What you should do:
Each line from the one holding "American Wit - Empty" to the last line of the listing must be set down exactly. No pictures are to be included.

Available data:
-- Opening Marker --
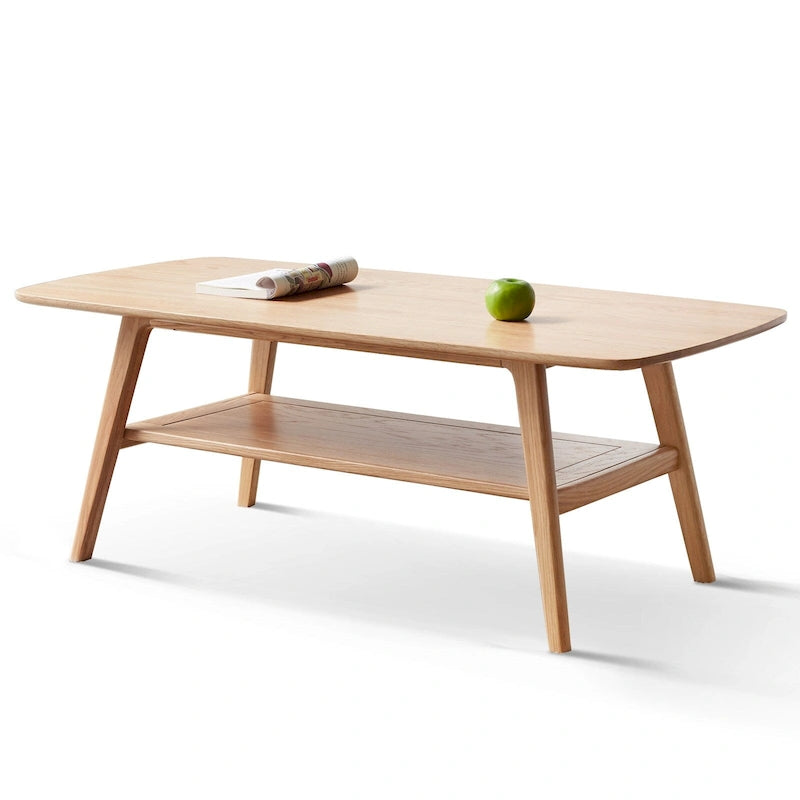 Table Basse avec Étagère de Rangement – Chêne, Bois Massif de Style Japonais, 1–2 Utilisateurs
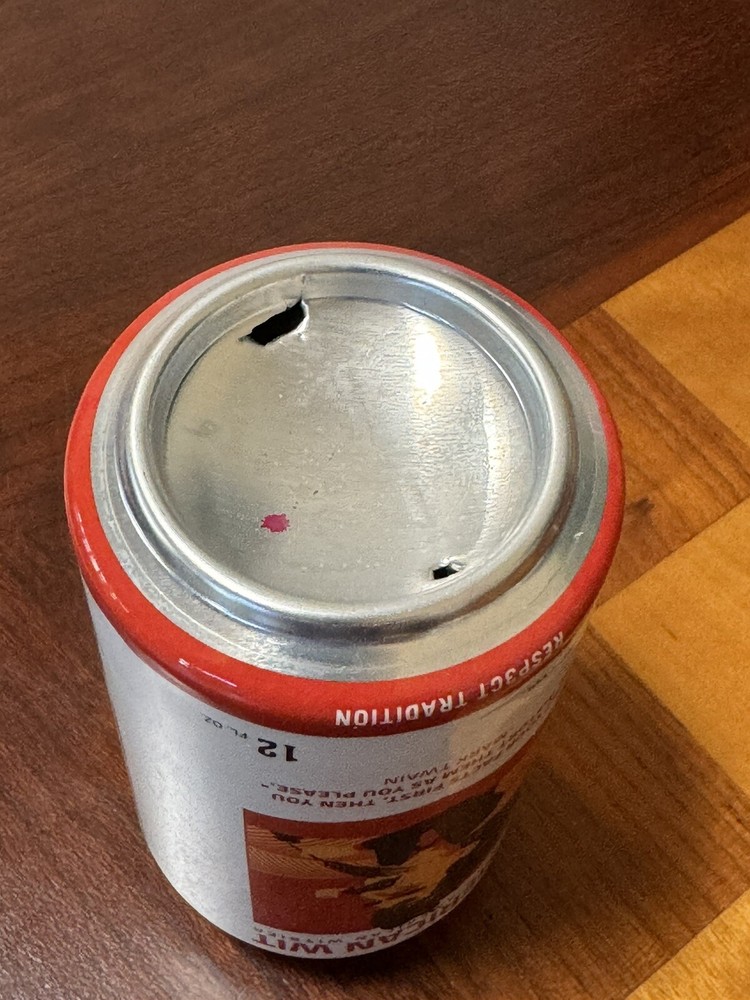 American Wit - Empty Witbier Beer Can Bottom Opened - Mark Twain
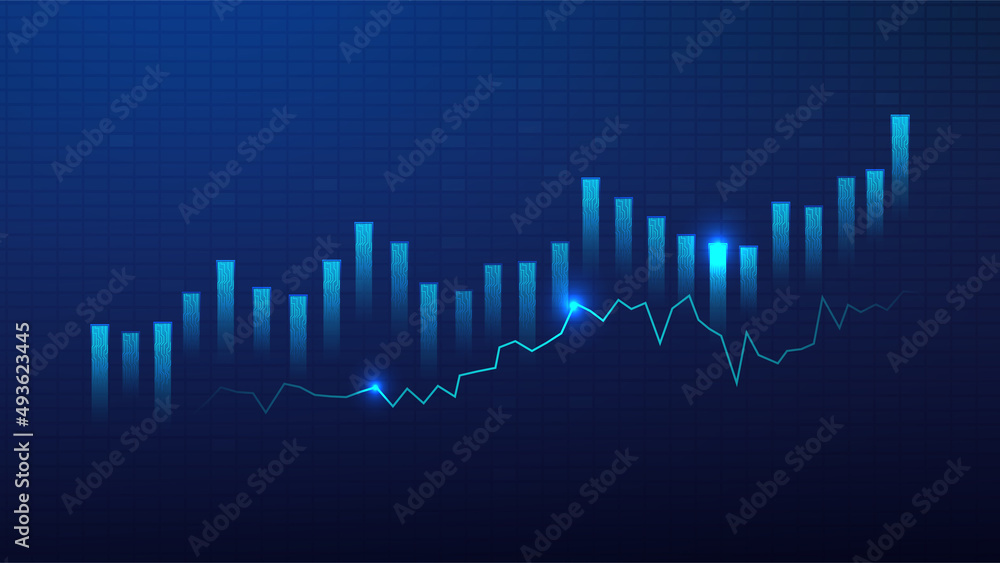 Wall mural business candle stick graph chart of stock market investment trading on blue background. bullish poi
-- Closing Marker --
Response below:
 American Wit - Empty Witbier Beer Can Bottom Opened - Mark Twain
 Wall mural business candle stick graph chart of stock market investment trading on blue background. bullish poi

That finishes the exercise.